From: Cameron Kaiser <spectre@stockholm.ptloma.edu>
Message-Id: <200101151713.JAA08378@stockholm.ptloma.edu>
Subject: [gopher] Re: Gopher "robots.txt" (was Re: New V-2 WAIS database)
In-Reply-To: <87lmscq5op.fsf@complete.org> from John Goerzen at "Jan 15,
 1 08:57:10 am"
To: gopher@complete.org
Date: Mon, 15 Jan 2001 09:13:34 -0800 (PST)
MIME-Version: 1.0
Content-type: text/plain; charset=US-ASCII
Content-Transfer-Encoding: 8bit
Sender: gopher-bounce@complete.org
Errors-to: gopher-bounce@complete.org
Precedence: bulk
Reply-to: gopher@complete.org


> > Mind you, I'd be happy with any approach that works on a per-menu level,
> > just as long as the bot doesn't have to cache every server's particular
> > robot policy and can determine the policy for a selector from the menu(s)
> > that reference that selector. This is just one way I can think of.
> 
> Well, let's get back to this point.  I'm not sure that you must cache
> it.  Assuming that a robot will traverse an entire server at once (am
> I wrong with that assumption?), it would involve only one extra
> request to ask for robots.txt before traversal.  If, OTOH, servers are
> hit in a more random pattern, I can see there would be a problem.

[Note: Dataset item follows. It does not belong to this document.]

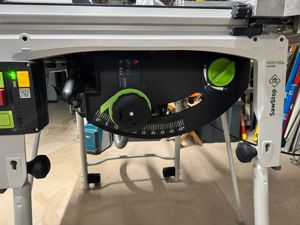 Festool TKS 80 SawStop mit Zubehör Bild 4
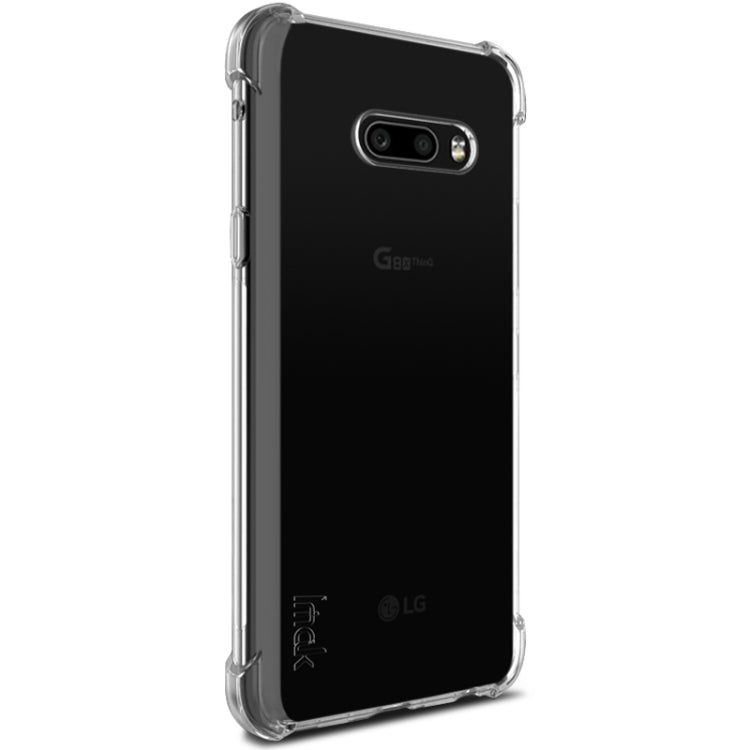 For LG G8X ThinQ / V50S ThinQ 5G IMAK All-inclusive Shockproof Airbag TPU Case with Screen Protector(Transparent) - free shipping - PMC TechLife - Order now!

No, they are hit randomly so that I can nail the largest number of selectors
in a short period of time without "courtesy" waits. While a server will get
bursts of activity (I'm sure you may have noticed), after a while the
prospects list will get reshuffled and it will work on another host for a bit.
If it totally perseverated on a server, I think the server administrator
would be totally justified in demanding that it pause between bursts, and
that would drop efficiency.

The other problem is that the robot is not running all the time, but only
after hours so its small but constant network usage won't affect other people.
This is a courtesy since the University is letting me keep a private system
on their tab. So, when the robot starts back up again, I'll either need to
refetch or have the process cache to disk when it dies -- again, the two
things I'm trying to avoid.

> Is it practical to cache this data then?  I might be inclined to
> suggest that it is.  Given that only a few of the gopher servers out
> there are both actively maintained and have a situation warranting
> this sort of treatment, perhaps it is not so problematic a situation
> after all?

True, there are very few, but I don't want to see it scale out of control (as
the only current bot operator :-).

I'm still waiting for Marco to tell me those regexes so I can hard-code them.
(Psst!)

-- 
----------------------------- personal page: http://www.armory.com/~spectre/ --
 Cameron Kaiser, Point Loma Nazarene University * ckaiser@stockholm.ptloma.edu
-- Generating random numbers is too important to be left to chance. -----------